_Goal of the exercise_:
Transcribe the data that follows without changing a word, and omit the pictures.

_Collected data entries_:
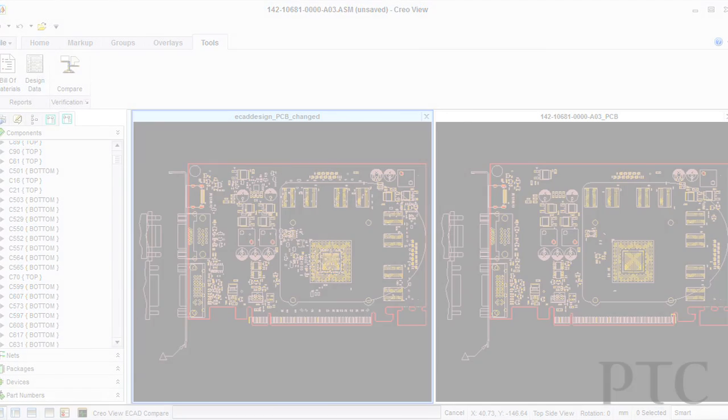The second biggest change with Creo View Ecad 2.0 was the enabling of Creo View interface for Ecad to be downloaded for free from PTC.com. By doing this, solution providers outside of your company can use this product to generate the EDA viewable files.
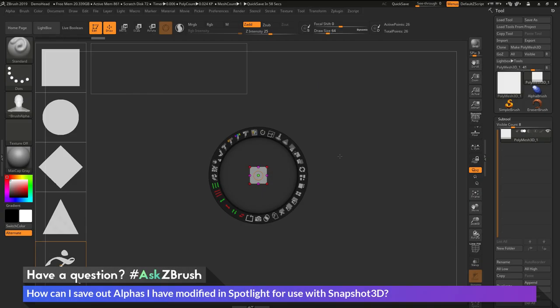This is Joseph Drust and welcome back to another episode of Ask ZBrush. So we had a question sent in asking, how can I save out alphas I have modified in Spotlight for use with Snapshot 3D?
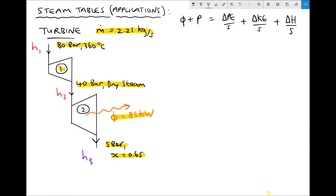We're going to assume that no heat is lost from the first turbine. H1 is the enthalpy of the steam entering turbine 1, H2 is the enthalpy of the steam exiting the first turbine and entering the second turbine, and H3 is the enthalpy of the steam exiting the second turbine.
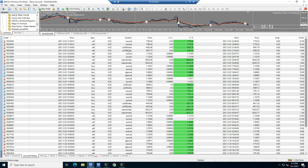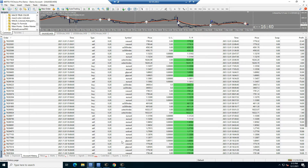Gold, US30, US500, US Tech — and this one here, which is either US100 or US500, I can't remember — US30, US500 index, so that's US100. The EA works very, very well on indices and gold.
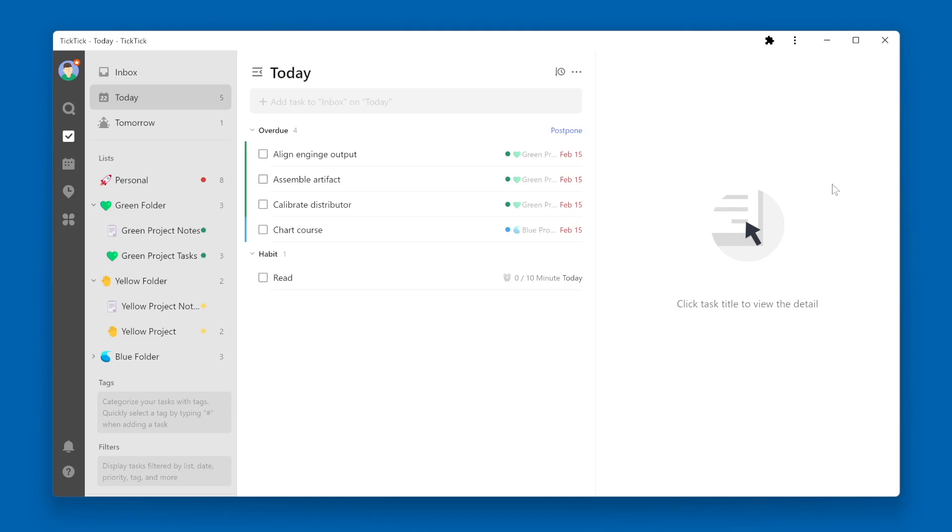If you've ever been interested in what happened in a particular list within TickTick, you can find out by going to the List Activities.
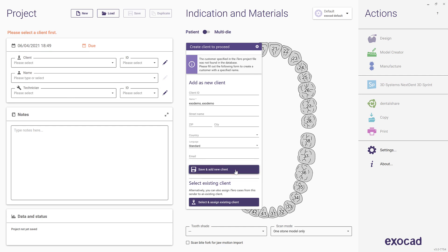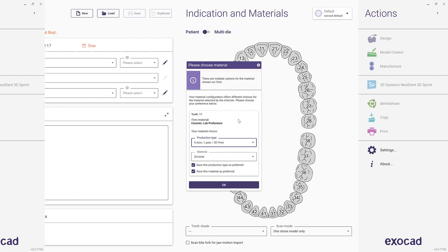Please note that the mapping is from a doctor in iTero to a client in ExoCAD, not from a practice to a client. This allows you to save individual defaults for parameters, for example Cement Gap, based on the doctor performing the treatment.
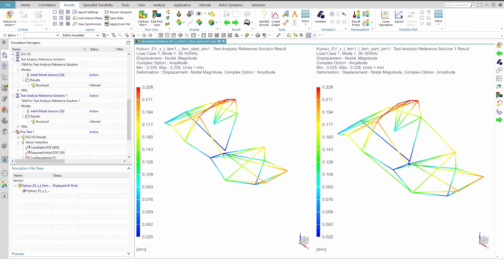And now you're ready to perform your own pretest simulations using SimCenter 3D finite element model correlation. Thank you for watching.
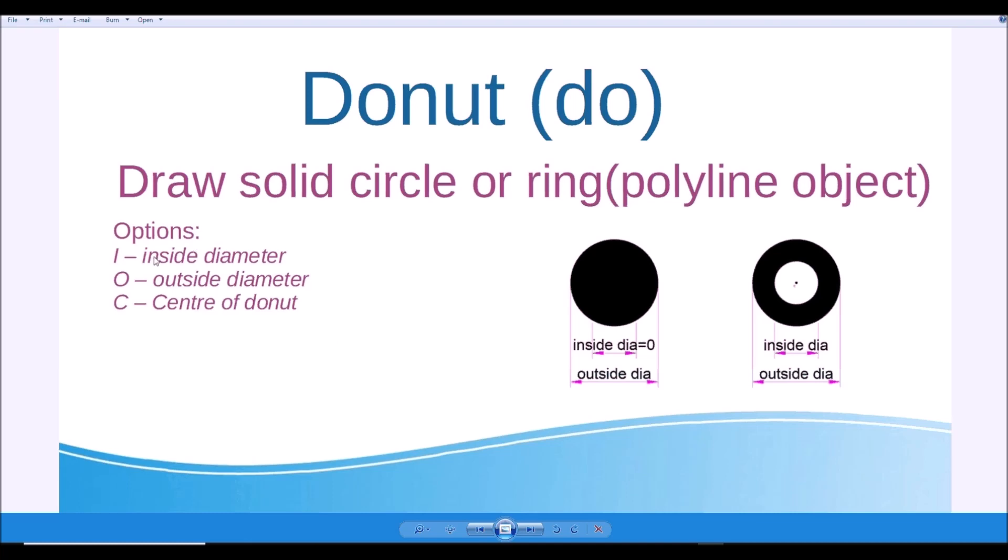So options: inside diameter and outside diameter. The command will ask you for inside and outside diameter. If the inside diameter is zero, you can create a solid circle. If the inside diameter is not zero, it will be a ring.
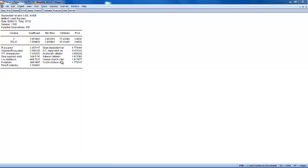If you want to conduct a one-sided test, the appropriate probability is one-half of the one which is reported in EViews.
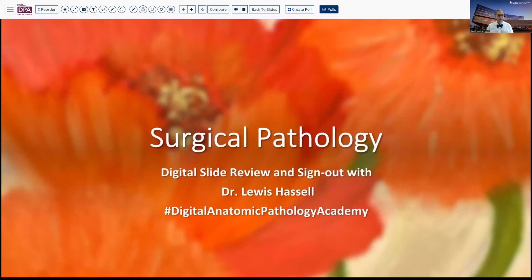The Digital Anatomic Pathology Academy is a member benefit for members of the Digital Pathology Association, which is offered free to individuals in the developing world and also to pathology trainees. So if you want to get access to all of the great material and great slides, take a look at that and sign up. I wasn't paid for that announcement — it's just a word of encouragement.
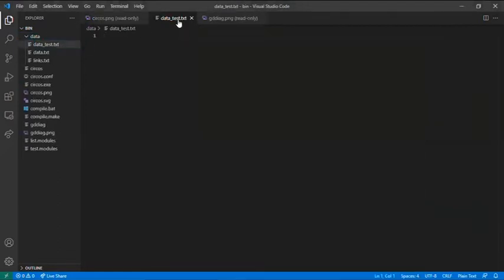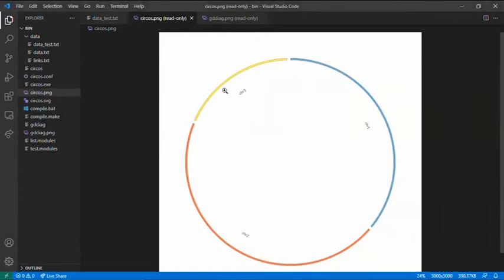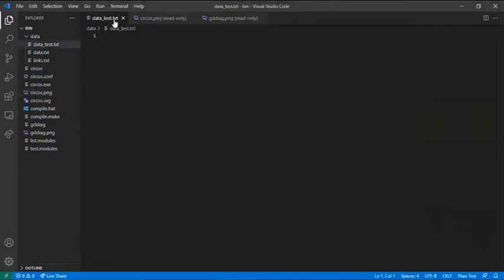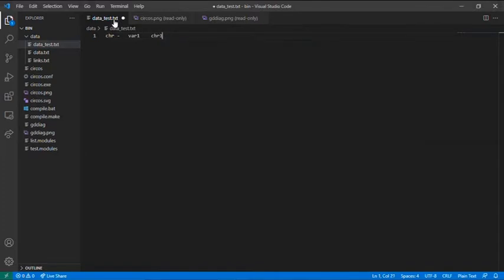In here you have to call every variable you want. In here I have three variables, so how do you plot this? Chromosome, space, and then a tab. And the name of the variable, I will call it var1. The name of the label, I will call it Chromosome1.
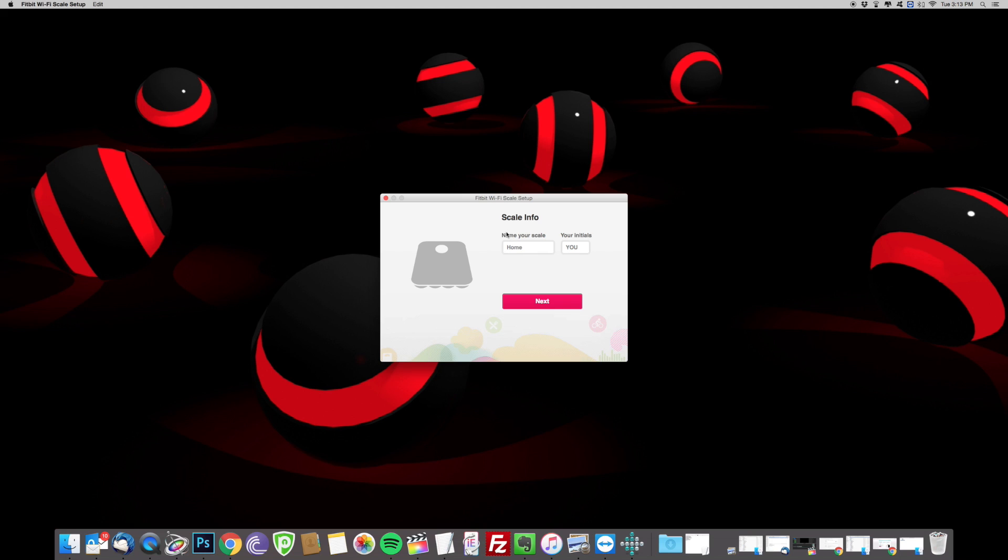Here you're going to go ahead and set up your profile, the name of your scale, and also select you. You can add, again, eight different people, so let's go ahead and hit next.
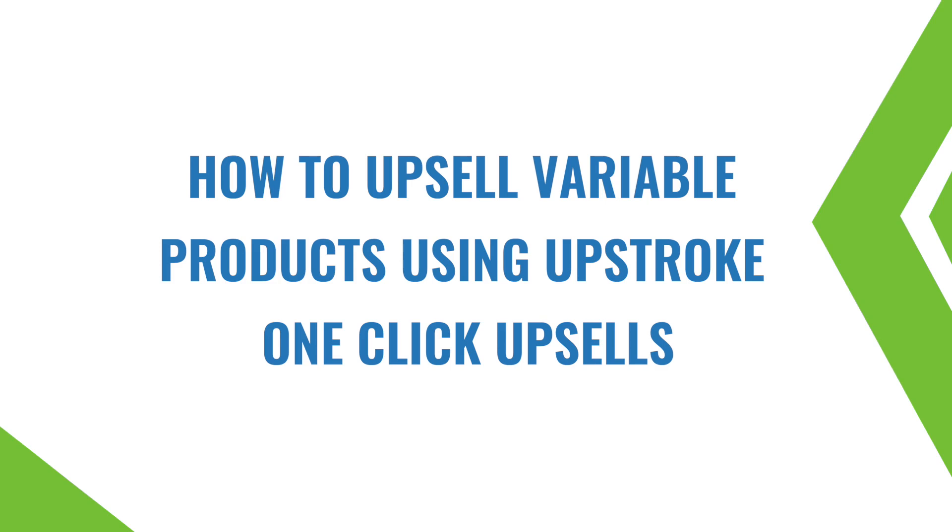Hi, I'm Tavleen from BuildBooFiles.com and in this short video we're talking about how to upsell variable products using Upstroke one-click upsells.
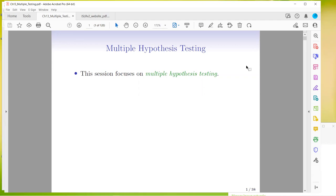Okay, so I am going with these slides again today. I did not have time to make changes on the other ones. The book again had lab all mixed in with the theory, so I just prefer this way. This chapter is about multiple hypothesis testing.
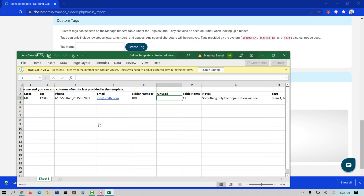A note: if you are selling tickets outside of ClickBid, you may want to use our template to quickly upload all of your bidder information at one time, right before you open your auction.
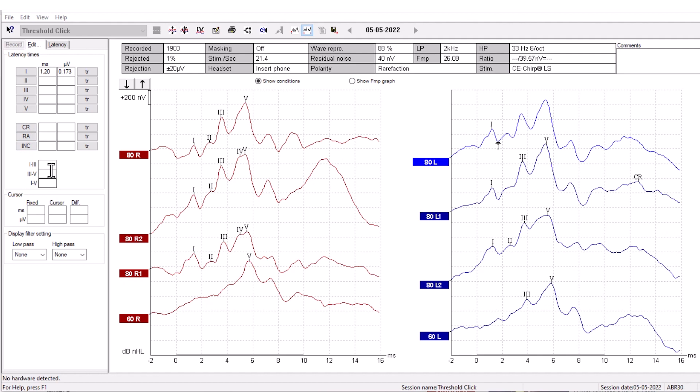Below, you can see the interlatencies, which are the latencies between wave markers 1 to 3, 3 to 5, and 1 to 5.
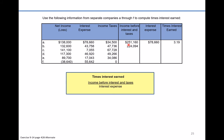For company B, take net income, add back interest expense, add back income taxes, and the pool of money is $2,240.94. Divide that by the interest expense of $43,758. This company had a coverage of 5.12 — stronger than company A.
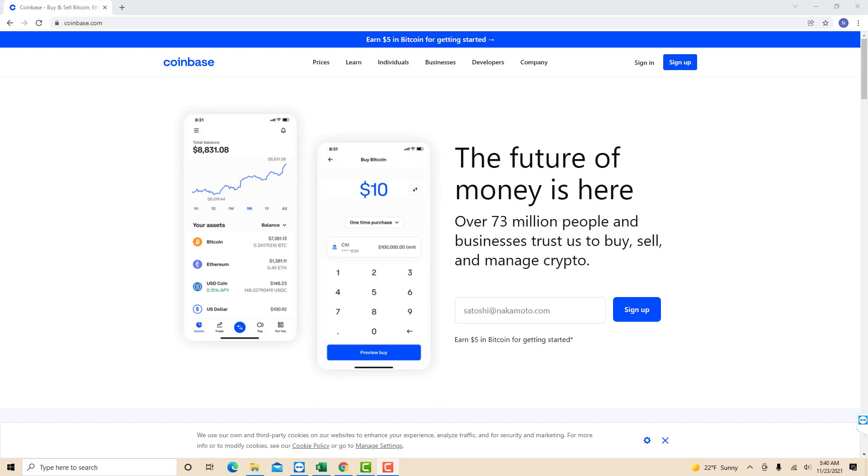If you don't have a Coinbase account, we will put our affiliate link in the description below for you to sign up and get $10 in free Bitcoin when you buy or sell $100 or more in crypto.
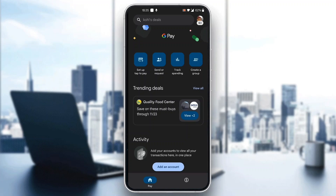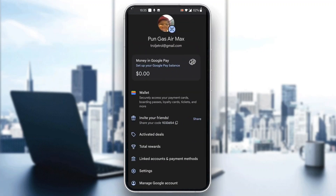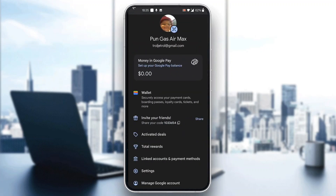It's very easy. The first thing we have to do is click on our profile picture in the upper right corner. Click on the profile icon and this will open up a new menu where we can see all the options we can access, such as money in Google Pay, wallet settings, invite friends, and so on.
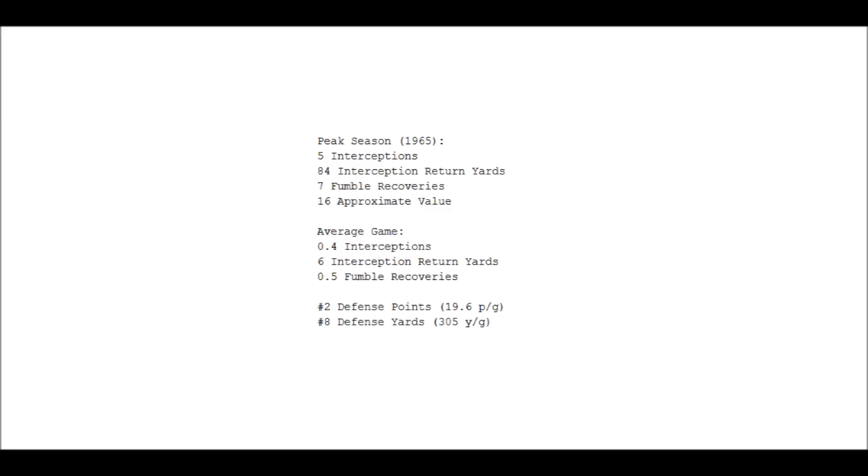Five interceptions, 84 interception return yards, and seven fumble recoveries. Now if you assume that he had at least two forced fumbles this year, which is very reasonable given the kind of player that he was and the way he played, that means he was partially responsible for at least one forced turnover in every game—per game rather. So that 16 approximate value holds up very well with any great middle linebacker you can care to name. So those are pretty strong numbers, even if we have a limited data set to work with.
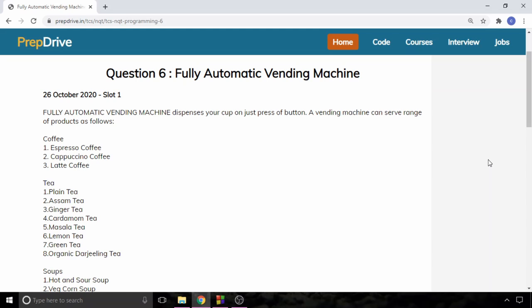Hello and welcome to the Coding Bytes. I am Abhishek Parmar and in this video we are going to solve a question of TCS and Qt which was asked on 26 October 2020 in slot 1.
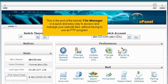This is the end of the tutorial. File Manager is a quick and easy way to access and manage your website files without having to use an FTP program.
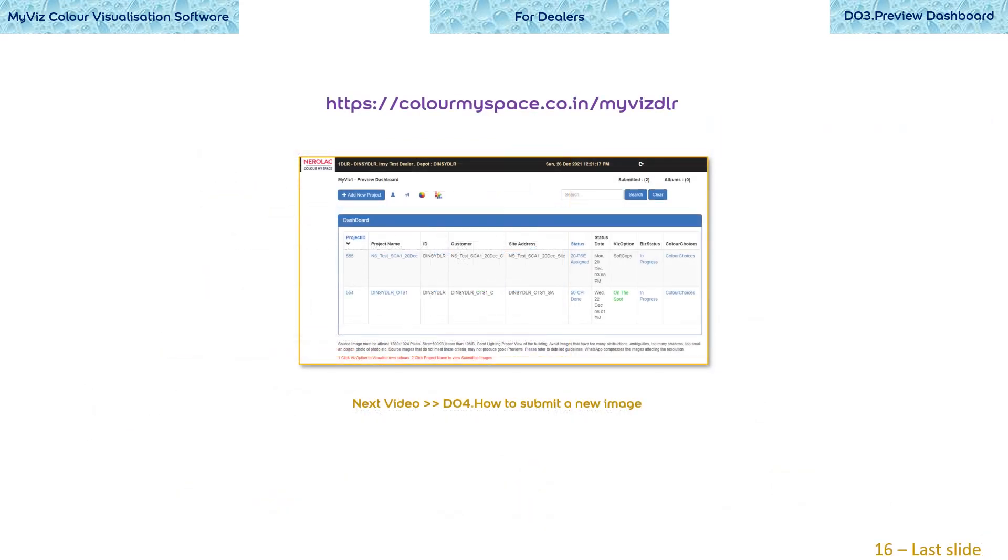So, here we are at the last slide of this video about the dashboard. In the next video, let us see how to submit an image for a preview. In other words, how to register a new project.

_Response to the task_:
The second biggest change with Creo View Ecad 2.0 was the enabling of Creo View interface for Ecad to be downloaded for free from PTC.com. By doing this, solution providers outside of your company can use this product to generate the EDA viewable files.
This is Joseph Drust and welcome back to another episode of Ask ZBrush. So we had a question sent in asking, how can I save out alphas I have modified in Spotlight for use with Snapshot 3D?
We're going to assume that no heat is lost from the first turbine. H1 is the enthalpy of the steam entering turbine 1, H2 is the enthalpy of the steam exiting the first turbine and entering the second turbine, and H3 is the enthalpy of the steam exiting the second turbine.
Gold, US30, US500, US Tech — and this one here, which is either US100 or US500, I can't remember — US30, US500 index, so that's US100. The EA works very, very well on indices and gold.
If you've ever been interested in what happened in a particular list within TickTick, you can find out by going to the List Activities.
Please note that the mapping is from a doctor in iTero to a client in ExoCAD, not from a practice to a client. This allows you to save individual defaults for parameters, for example Cement Gap, based on the doctor performing the treatment.
And now you're ready to perform your own pretest simulations using SimCenter 3D finite element model correlation. Thank you for watching.
So options: inside diameter and outside diameter. The command will ask you for inside and outside diameter. If the inside diameter is zero, you can create a solid circle. If the inside diameter is not zero, it will be a ring.
If you want to conduct a one-sided test, the appropriate probability is one-half of the one which is reported in EViews.
The Digital Anatomic Pathology Academy is a member benefit for members of the Digital Pathology Association, which is offered free to individuals in the developing world and also to pathology trainees. So if you want to get access to all of the great material and great slides, take a look at that and sign up. I wasn't paid for that announcement — it's just a word of encouragement.
In here you have to call every variable you want. In here I have three variables, so how do you plot this? Chromosome, space, and then a tab. And the name of the variable, I will call it var1. The name of the label, I will call it Chromosome1.
Here you're going to go ahead and set up your profile, the name of your scale, and also select you. You can add, again, eight different people, so let's go ahead and hit next.
Hi, I'm Tavleen from BuildBooFiles.com and in this short video we're talking about how to upsell variable products using Upstroke one-click upsells.
Okay, so I am going with these slides again today. I did not have time to make changes on the other ones. The book again had lab all mixed in with the theory, so I just prefer this way. This chapter is about multiple hypothesis testing.
A note: if you are selling tickets outside of ClickBid, you may want to use our template to quickly upload all of your bidder information at one time, right before you open your auction.
Below, you can see the interlatencies, which are the latencies between wave markers 1 to 3, 3 to 5, and 1 to 5.
For company B, take net income, add back interest expense, add back income taxes, and the pool of money is $2,240.94. Divide that by the interest expense of $43,758. This company had a coverage of 5.12 — stronger than company A.
If you don't have a Coinbase account, we will put our affiliate link in the description below for you to sign up and get $10 in free Bitcoin when you buy or sell $100 or more in crypto.
It's very easy. The first thing we have to do is click on our profile picture in the upper right corner. Click on the profile icon and this will open up a new menu where we can see all the options we can access, such as money in Google Pay, wallet settings, invite friends, and so on.
Five interceptions, 84 interception return yards, and seven fumble recoveries. Now if you assume that he had at least two forced fumbles this year, which is very reasonable given the kind of player that he was and the way he played, that means he was partially responsible for at least one forced turnover in every game—per game rather. So that 16 approximate value holds up very well with any great middle linebacker you can care to name. So those are pretty strong numbers, even if we have a limited data set to work with.
Hello and welcome to the Coding Bytes. I am Abhishek Parmar and in this video we are going to solve a question of TCS and Qt which was asked on 26 October 2020 in slot 1.
This is the end of the tutorial. File Manager is a quick and easy way to access and manage your website files without having to use an FTP program.
So, here we are at the last slide of this video about the dashboard. In the next video, let us see how to submit an image for a preview. In other words, how to register a new project.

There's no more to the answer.